The lawsuit mentions that Bowser coordinated with organizers of the Commitment March on Washington to “re-imagine” the racial justice demonstration on the steps of the Lincoln Memorial. 

“Defendants have been discriminatory in their application of the ban on large scale gatherings,” the lawsuit, which lists the city as a co-defendant, states. “For example, on June 6, 2020, Mayor Bowser appeared personally at an outdoor gathering of tens of thousands of people at the corner of 16th and H Streets, NW and delivered a speech describing the large gathering as ‘wonderful to see.’”

According to the court filing, the church made repeated efforts to contact Bowser’s office, including direct efforts and indirectly through a city councilman. After initially filing for a waiver in June, the church resubmitted its waiver request on Sept. 1. 

The district “refused to rule on the Church’s application for months before rejecting the application last week,” the filing explains. 

The rejection of the waiver leaves CHBC subject to the civil and administrative penalties should it violate the order. 

A representative of the church told The Christian Post that Dever is not available for interviews about the lawsuit. 

9Marks, a ministry organization that provides resources for churches, previously posted an article in March about how churches in Washington, D.C., had complied with demands from authorities to close services for about a month during the 1918 Spanish Flu out of “neighborly love” to protect public health. 

In a video posted on the church’s YouTube page in May, Dever said Christians have always gathered together to be with the fellow believers and do things that “Jesus has called us to do.” 

“In Hebrews 10, we are told that we shouldn’t forsake the regular assembly of ourselves together,” Dever stressed. “That is why Christians, ever since the very first Christians, have begun the week by gathering, by coming together, like we do normally here in this space.”

The pastor said that Christianity has “always been a religion that gathers.”

“Some people would think of Christianity as basically an experience that a monk would have, where you are simply off by yourself having your own private devotions,” Dever stated. “Friends that is not really what we see in the Bible as normal for Christians.”

“What we are called to do as Christians is get together,” he added. “That is why we have [churches] like this all over the world. We always have. If you go back to the very first Christians, literally on the first day there were people called Christians, they were gathering.”

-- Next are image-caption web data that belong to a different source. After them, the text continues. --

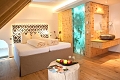 Hotel Eder, Maria Alm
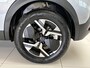 Peugeot 2008 1.2 PureTech 130 Allure Automaat | Stoelverwarming | 360 Camera | Android auto / Apple carplay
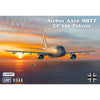 AMP 144007 1/144 Airbus A310 MRTT/CC-150 Polaris German Luftwaffe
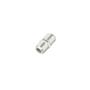 HAMA Adapter Antenna F-Socket to F-Socket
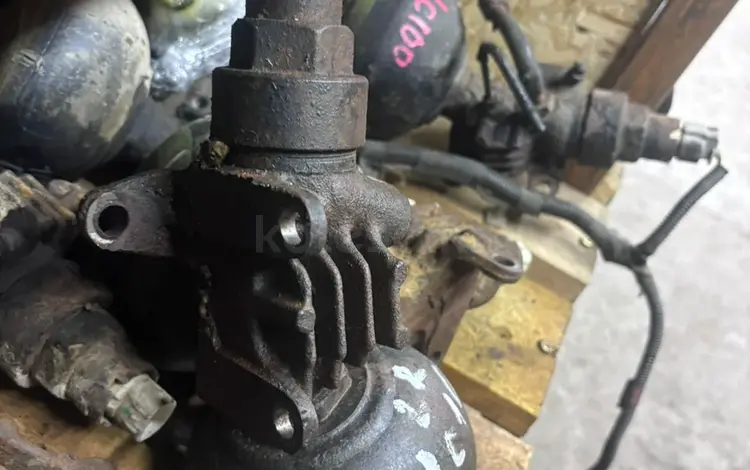 Груши за 50 000 тг. в Алматы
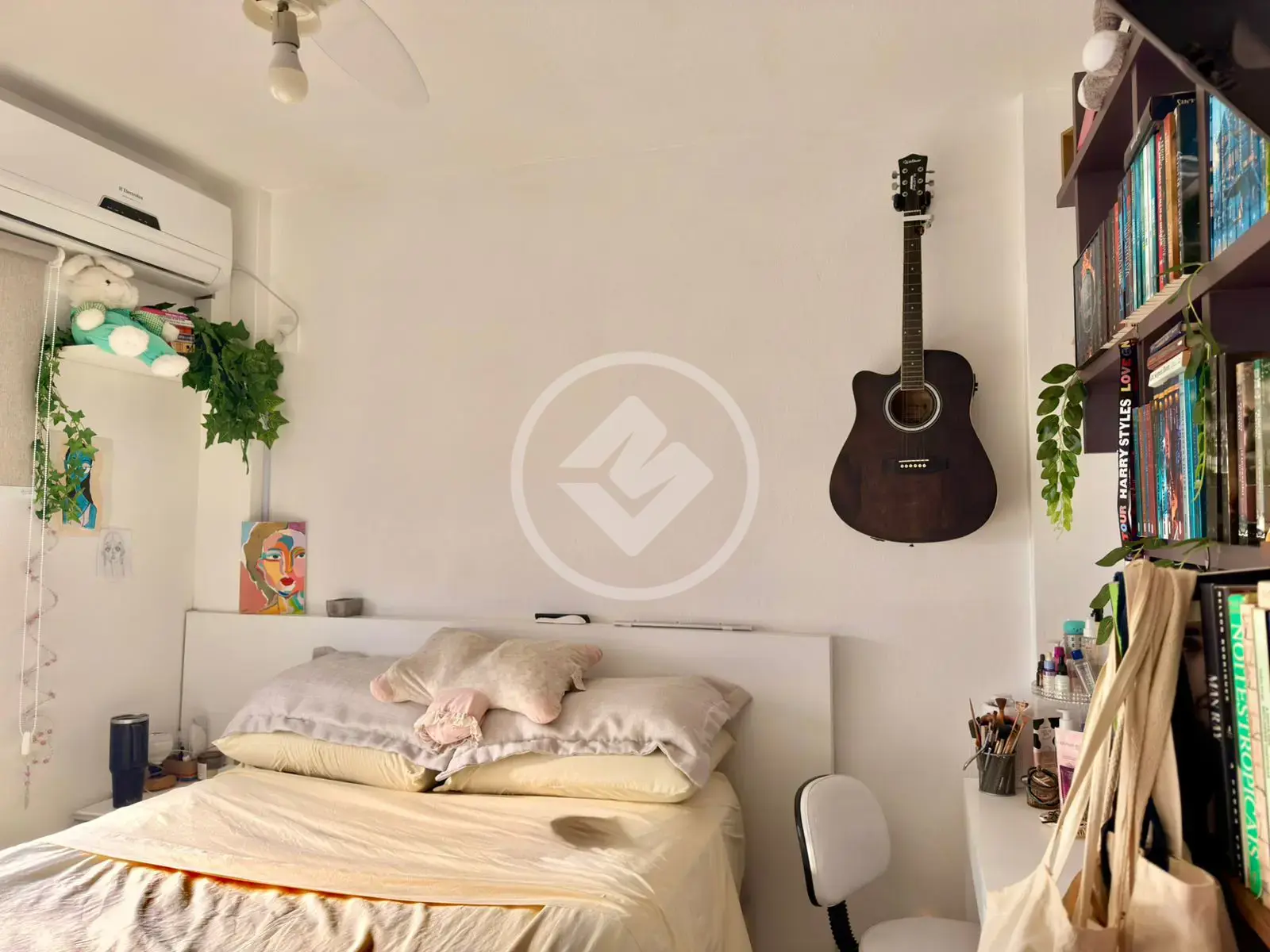 Apartamento 3 quartos no Meia Praia, Itapema — foto 5 de 6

According to The Washington Post, Capitol Hill Baptist has met for several months in a field near a Virginia church. 

Thomas Bowen, the director of the mayor’s Office of Religious Affairs, told the newspaper that the city has “engaged with congregations to ensure houses of worship can plan their services in a way that it is safe for everyone.”

“The pandemic has placed us all in a tough situation, leading us to make adjustments to all aspects of our lives,” Bowen said.